Bu model aynı zamanda, yaşlanmaya eşlik eden bilişsel gerileme müdahalelerini, fiziksel aktivite seviyelerinin de düşme eğiliminde olduğu bir yaşam döneminde, bilgilendirmeye yardımcı olabilir.

“Önerdiğimiz şey, eğer bu tür bilişsel olarak zorlayıcı aerobik faaliyetlerle yeterince meşgul değilseniz, o zaman bu, insanların bazı azalmış bilişsel yetenekler göstermeye başladıkları, sağlıklı beyin yaşlanması olarak gördüklerimizden sorumlu olabilir” Psikoloji, psikiyatri, sinirbilimi ve fizyolojik bilimler profesörü olan Alexander.

“Doğal yaşlanma süreci, yeterince meşgul edilmemeye cevaben gerçekten azaltılmış bir kapasitenin parçası olabilir” diyor.

Azalan kapasite, vücuttan organ sistemlerinde egzersizden mahrum kaldıklarında neler olabileceği anlamına gelir.

“Organ sistemlerimiz maruz kaldıkları strese uyum sağlıyor” diyor koşucu ve hevesli bir koşucu olan Raichlen. “Örneğin, egzersiz yaparsanız, kardiyovasküler sisteminizin kapasitenizi arttırması, kalbinizi büyütmesi veya vaskülatürünüzü arttırması gibi olması gerekir ve bu da enerji gerektirir.

“Öyle zorlamıyorsanız - aerobik egzersiz yapmıyorsanız - enerjiden tasarruf etmek için, vücudunuz bu kapasiteyi azaltır” diye açıklıyor.

Beyin durumunda, yeterince strese girilmezse atrofiye başlayabilir. Bu, özellikle hareketsiz insanların yaşam tarzlarının ne kadar daha fazla hale geldiğini göz önüne alarak, ilgili olabilir.

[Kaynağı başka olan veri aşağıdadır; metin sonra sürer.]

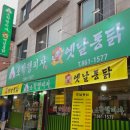 소확행피자치킨 이미지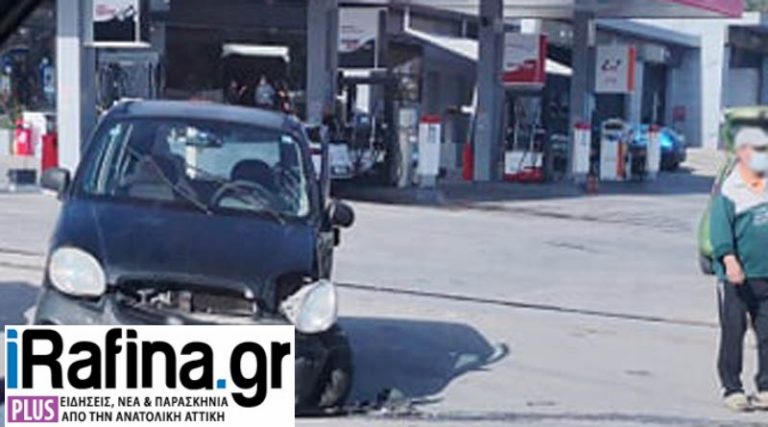 Ραφήνα: Σφοδρή σύγκρουση αυτοκινήτων στη Λ. Φλέμινγκ – Κλειστό το ένα ρεύμα κυκλοφορίας! (φωτό)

Üniversitenin bir üyesi olan Alexander, “Evrimsel tarihimiz, temelde bilişsel olarak dayanıklılık sporcuları olduğumuzu ve aktif kalamazsak, buna bağlı olarak bu kapasite kaybına sahip olacağımızı” söylüyor. Evelyn F. McKnight Beyin Enstitüsü. “Öyleyse, bugünün nispeten hareketsiz yaşam tarzlarımız ve nasıl geliştiğimiz arasında gerçekten bir uyumsuzluk olabilir.”

Ileriye dönük

Alexander ve Raichlen gelecekteki araştırmaların farklı egzersiz yoğunluğu seviyelerinin yanı sıra farklı egzersiz türlerinin veya bilişsel görevlerle özel olarak eşleştirilen egzersizlerin beyni nasıl etkilediğine bakmaları gerektiğini söylüyor.

Örneğin, yeni bir zihinsel zorluk teşkil eden yeni bir ortamda egzersiz yapmanın özellikle faydalı olabileceğini kanıtlıyor, diyor Raichlen.

“Bu alandaki araştırmaların çoğu, insanları bilişsel olarak fakirleştirilmiş bir çevreye sokuyor. İnsanları bir laboratuara koydular ve bir koşu bandında veya egzersiz bisikletinde çalıştırmalarını sağladılar ve gerçekten de çok fazla bir şey yapmanıza gerek kalmadı, bu yüzden yeniliği artırmayarak bir şeyleri kaçırmamız mümkün ”dedi.

Alexander ve Raichlen, uyarlanabilir kapasite modelinin egzersiz ve beyin araştırmalarını ilerletmeye yardımcı olacağını umduklarını söylüyor.

Alexander, “Bu evrimsel sinirbilim perspektifi, genellikle bu alanda eksik olan bir şeydir” diyor. “Ve bunun araştırmayı ilerletmek ve bazı yeni hipotezler ve herkes için faydalı olabilecek daha evrensel olarak etkili müdahaleleri tespit etmenin yollarını geliştirmek için yardımcı olabileceğini düşünüyoruz.”

Kağıt dergide görünüyor Sinirbilimlerdeki Eğilimler.